Odede suggested that the coronavirus was an "equalizer," in forcing the government to acknowledge that areas like Kibera could no longer be "ignored by the system."
"They know very well that the cooks come from the slum, the nannies come from the slum, the security guards come from the slum, so now they are looking for ideas," he said.
Many Kibera residents, Odede explained, did not initially perceive the coronavirus to be a threat, since they had not directly seen for themselves the death and devastation it has wrought across the globe.
"It is a message for the government. Before people start feeling it by seeing death, right now they should provide those sanitation measures and make sure people have clean water, otherwise there will be no solution," he said.
By working on the ground with organizations like SHOFCO, he hopes that the government will realize that the best preventative measure in Kibera and similar communities is engagement and provisions, not "police and guns."
The Kenyan government has introduced a dusk-to-dawn curfew in a bid to curtail the spread of the virus, with just 142 cases confirmed nationwide as of Monday morning.
However, instances of police brutality have drawn ire from rights groups such as Amnesty International, and a 13-year-old boy was shot and killed by police in the Mathare area of northeastern Nairobi earlier this week. Abuse of civilians by police and military personnel has also been reported in neighboring Uganda and further afield.
Odede said a lack of planning prior to the curfew's implementation meant businesses in the city kept workers too late to allow them time to travel home. Small buses which often carry 16 people were only taking eight due to distancing measures, which meant there were not enough vehicles and people were unable to get back to settlements.
"That for me was the system against the poor people, because those who didn't have a car were struggling to get buses, and they were the ones being beaten and abused, while people who are rich have got their own cars, and they are senior people where they work, so it was unfair and Kenyans were really mad," he explained.
In areas like Kibera, much of the informal economy is active in the evening.
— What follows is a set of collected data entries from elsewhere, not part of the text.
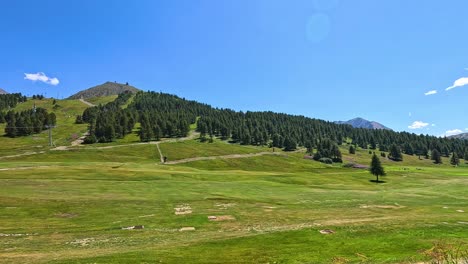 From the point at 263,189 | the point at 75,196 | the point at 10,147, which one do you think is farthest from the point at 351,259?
the point at 10,147

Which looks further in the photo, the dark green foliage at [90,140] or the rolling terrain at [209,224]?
the dark green foliage at [90,140]

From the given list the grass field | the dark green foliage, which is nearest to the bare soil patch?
the grass field

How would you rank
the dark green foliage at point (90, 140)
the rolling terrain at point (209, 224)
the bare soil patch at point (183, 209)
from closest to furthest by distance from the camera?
the rolling terrain at point (209, 224) < the bare soil patch at point (183, 209) < the dark green foliage at point (90, 140)

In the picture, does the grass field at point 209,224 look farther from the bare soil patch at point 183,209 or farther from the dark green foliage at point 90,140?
the dark green foliage at point 90,140

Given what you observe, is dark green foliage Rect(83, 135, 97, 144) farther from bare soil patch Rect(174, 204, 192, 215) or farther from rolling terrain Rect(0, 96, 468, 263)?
bare soil patch Rect(174, 204, 192, 215)

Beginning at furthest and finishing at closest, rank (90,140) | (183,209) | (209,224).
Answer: (90,140) → (183,209) → (209,224)

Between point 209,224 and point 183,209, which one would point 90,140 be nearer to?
point 183,209

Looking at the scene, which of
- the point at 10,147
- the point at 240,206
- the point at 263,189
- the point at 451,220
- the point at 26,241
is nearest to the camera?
the point at 26,241

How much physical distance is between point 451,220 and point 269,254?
29250mm

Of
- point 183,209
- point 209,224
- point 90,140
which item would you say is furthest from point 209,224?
point 90,140

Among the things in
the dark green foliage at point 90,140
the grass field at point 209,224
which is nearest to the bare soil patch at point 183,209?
the grass field at point 209,224

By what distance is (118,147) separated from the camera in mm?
184875

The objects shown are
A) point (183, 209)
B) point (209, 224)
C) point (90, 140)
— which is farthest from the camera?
point (90, 140)

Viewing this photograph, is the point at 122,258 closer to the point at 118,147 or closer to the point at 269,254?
the point at 269,254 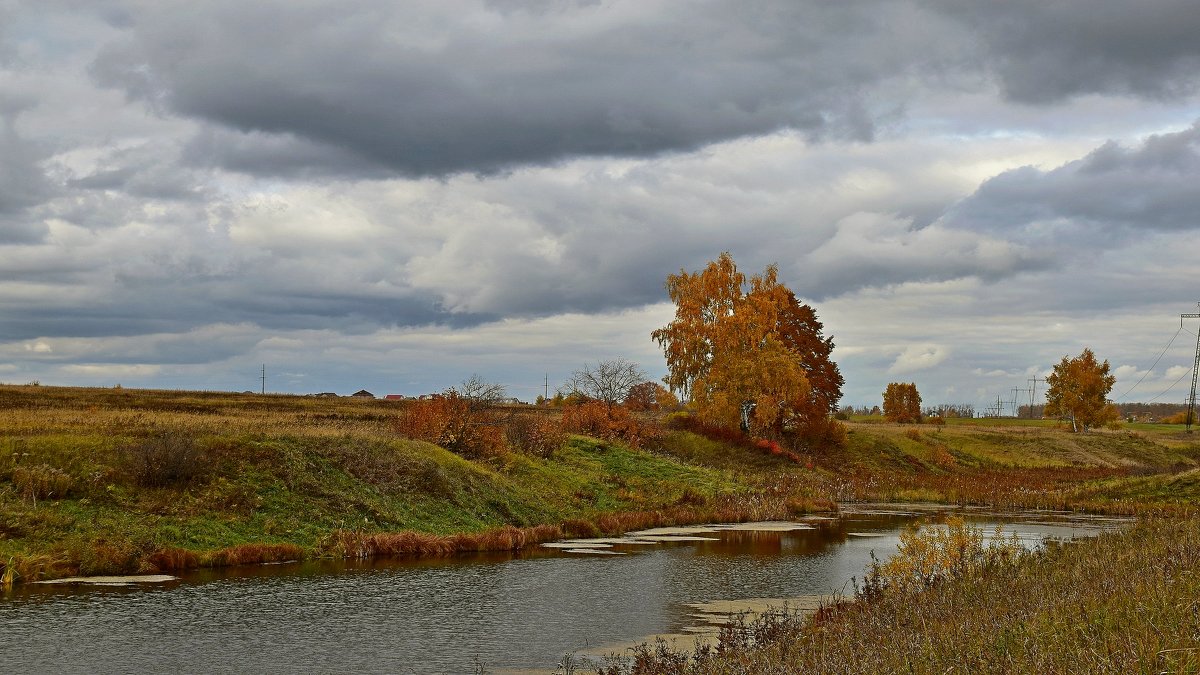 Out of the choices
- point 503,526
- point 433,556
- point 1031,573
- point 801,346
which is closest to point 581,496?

Odede told CNBC that there is a "different law" in Kibera, that people will continue trading in the street after hours in order to continue earning a living, in the absence of a financial safety net from the state.
A host of countries in the subcontinent have implemented nationwide lockdowns in recent days, but Odede suggested that there would need to be robust planning should President Uhuru Kenyatta's administration follow suit.
"People need food, and there is no way food goes into Kibera slums, there is not even a road for the car to pass, so before they do that, they must have a plan, otherwise they are going to create an uprising. I know my community — if there is no food, they are going to go onto the streets and there is going to be violence."
While most countries in East Africa have introduced strict measures to try and contain the virus, Tanzanian President John Magufuli has come under fire for refusing to shut down churches.
"I think the government of Tanzania doesn't really get it. They are going to be a crisis in East Africa so we have to prepare for that," Odede said, going on to suggest that leaders in Kenya, Uganda, Rwanda and elsewhere should unite to exert pressure on Magufuli's government and coordinate a regional response.
Should the virus truly arrive in Kenya, Odede's primary concern is that inherent inequality will dictate life or death, leading to political instability.
"In Europe, they say that age determines who shall live and who shall die. In Africa, in Kenya in particular, it is going to be who can pay for the machine that you cannot pay for, which means the poor are going to suffer. When the poor suffer, the poor will rise up."